I am pulling a datetime from a mysql db and i would like to add X hours to it then compare it to the current time. So far i got
$dateNow = strtotime(date('Y-m-d H:i:s'));
$dbTime = strtotime($row[0]);
then i tried $dbTime + strtotime("4 hours"); but 4 hours seem to add 4hrs to the current time instead of raw 4hours. How do i add X hours to dbTime?
NOTE: I am using php 5.1.2 so date_add doesnt work (5.3.0)
strtotime("+4 hours", $dbTime);
The second argument is the timestamp which is used as a base for the calculation of relative dates; it defaults to the current time. Check out the documentation.
Edit: For short periods of time, max 1 week, adding seconds to a timestamp is perfectly acceptable. There is always (7 * 24 * 3600) seconds in a week; the same cannot be said for a month or year. Furthermore, a unix timestamp is just the number of seconds that have elapsed since the Unix Epoch (January 1 1970 00:00:00 GMT). That is not effected by timezones or daylight-savings. Timezones and daylight-savings are only important when converting a unix timestamp to an actual calendar day and time.

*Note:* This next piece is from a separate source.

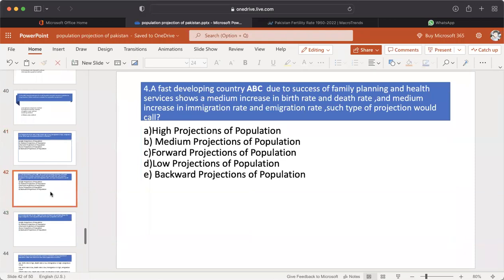MCQ number 4: For a fast developing country ABC, due to the success of family planning and health services, there is a medium increase in birth rate and death rate, and medium increase in immigration rate and emigration rate. Such type of projection would fall under: A. High projection of population. B. Medium projection of population. C. Forward projection of population. D. Low projection of population. E. Backward projection of population. The answer is B — Medium projection of population.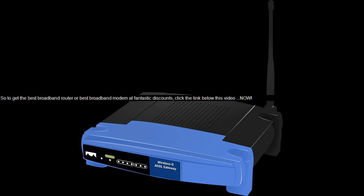So to get the best broadband router or best broadband modem at fantastic discounts, click the link below this video, now.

Probably the safest way to do the compare is right in the SQL
And since you're assembling it in PHP, you can dynamically replace the "4 hour" bit with whatever your code needs to compare.
(Note: putting the entire calculation on the other side of the comparison to the column allows MySQL to do the calculation once per query, rather than once per row, and also use the table's index, if that column has one.)